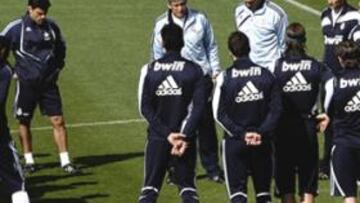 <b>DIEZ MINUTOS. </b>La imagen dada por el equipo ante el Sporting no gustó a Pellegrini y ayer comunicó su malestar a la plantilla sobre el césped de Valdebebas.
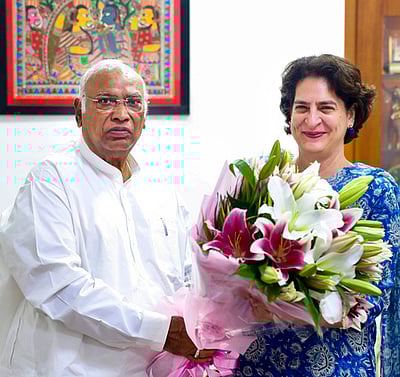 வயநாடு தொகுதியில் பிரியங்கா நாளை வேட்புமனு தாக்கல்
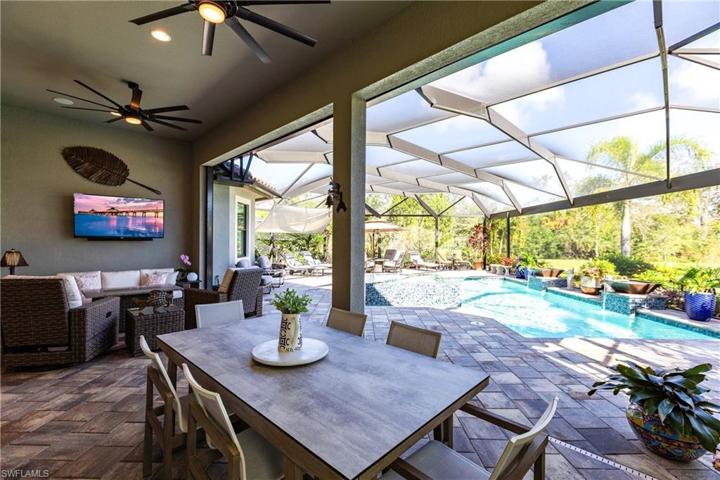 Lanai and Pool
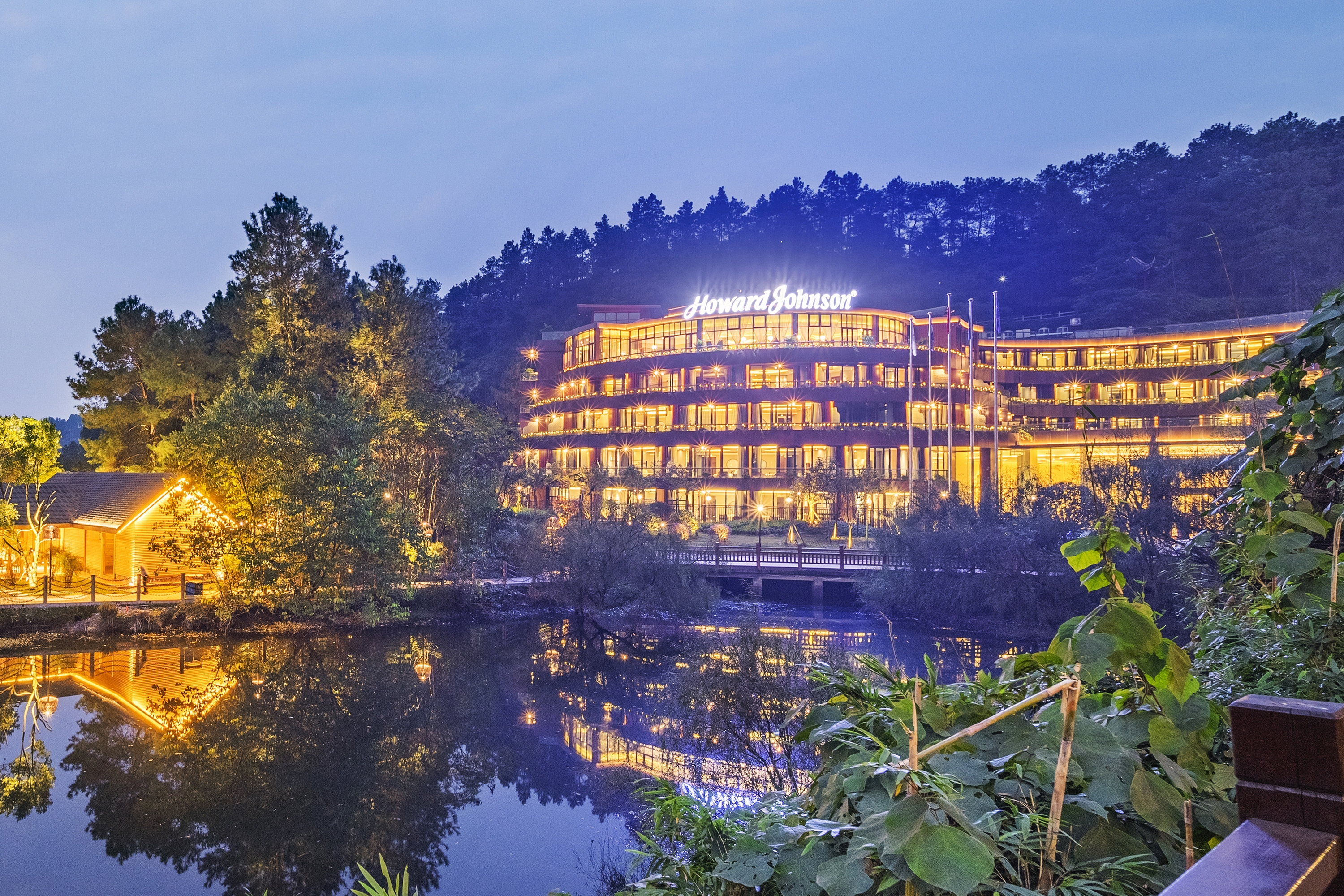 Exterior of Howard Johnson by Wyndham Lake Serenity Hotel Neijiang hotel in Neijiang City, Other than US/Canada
☆ ☆ ☆
-- What is being asked --
Print the material verbatim; drop the pictures.

-- Finished exercise --
 <b>DIEZ MINUTOS. </b>La imagen dada por el equipo ante el Sporting no gustó a Pellegrini y ayer comunicó su malestar a la plantilla sobre el césped de Valdebebas.
 வயநாடு தொகுதியில் பிரியங்கா நாளை வேட்புமனு தாக்கல்
 Lanai and Pool
 Exterior of Howard Johnson by Wyndham Lake Serenity Hotel Neijiang hotel in Neijiang City, Other than US/Canada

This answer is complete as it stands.